Step 3: File your paperwork and fees
You'll need to pay the following fees for a fault divorce.
|Divorce filing fee||$200|
|Divorce filing surcharge||$15|
|Divorce summons charge||$5|
How to file
You can file for a fault divorce in person or by mail.
If you or your spouse lives in the county where you lived together, file the required forms and fees with the Probate and Family Court in that county. Otherwise, file in the county where you or your spouse live now. Find your Probate and Family Court.
Step 4: Serve the papers on your spouse
The court will give you a summons. The complaint for divorce and summons are served on the other spouse. See service of process of domestic relations complaints for more information on how to do this.

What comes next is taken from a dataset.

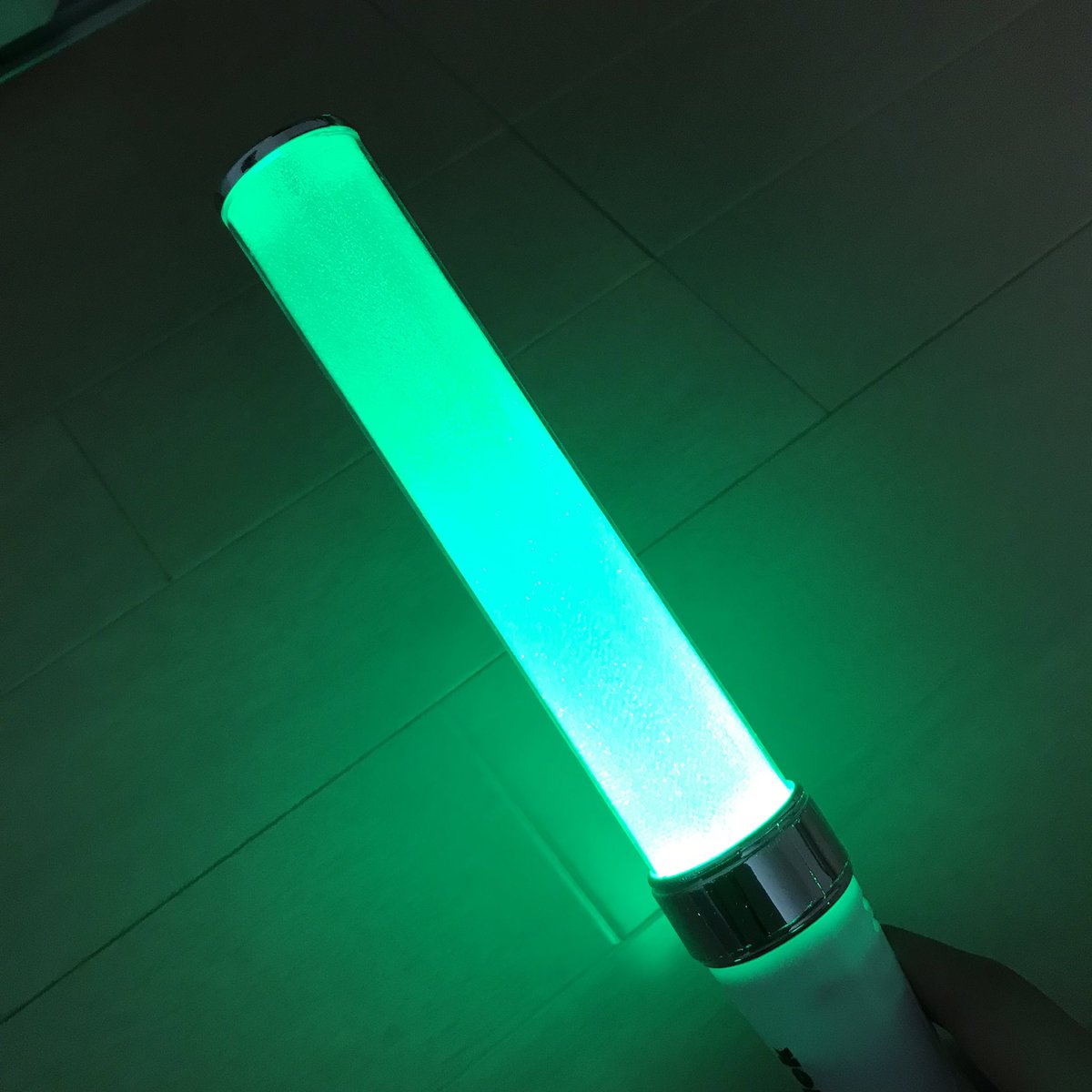   白♡   が1番早いので、なるべく上の3色が良いと思います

Step 5: Exchange financial statements & write up a separation agreement
After your spouse has been served, they will likely file an answer. See respond to a case filed against you in Probate and Family Court for more information on that process. Once your spouse (the defendant) has filed an answer, you will need to exchange financial statements and write up a separation agreement.
Additional Resources for Step 5: Exchange financial statements & write up a separation agreement
Step 6: Attend a pre-trial hearing
There may be a pre-trial hearing if you and your spouse have issues you can’t agree on. To prepare for a pre-trial hearing, the parties or their lawyers will submit a pre-trial memorandum. This will happen after discovery, which is the process of finding out information from the other party by submitting questions (called interrogatories) to the other party, or by requesting certain documents. You must also decide if you’re going to call any witnesses for the trial.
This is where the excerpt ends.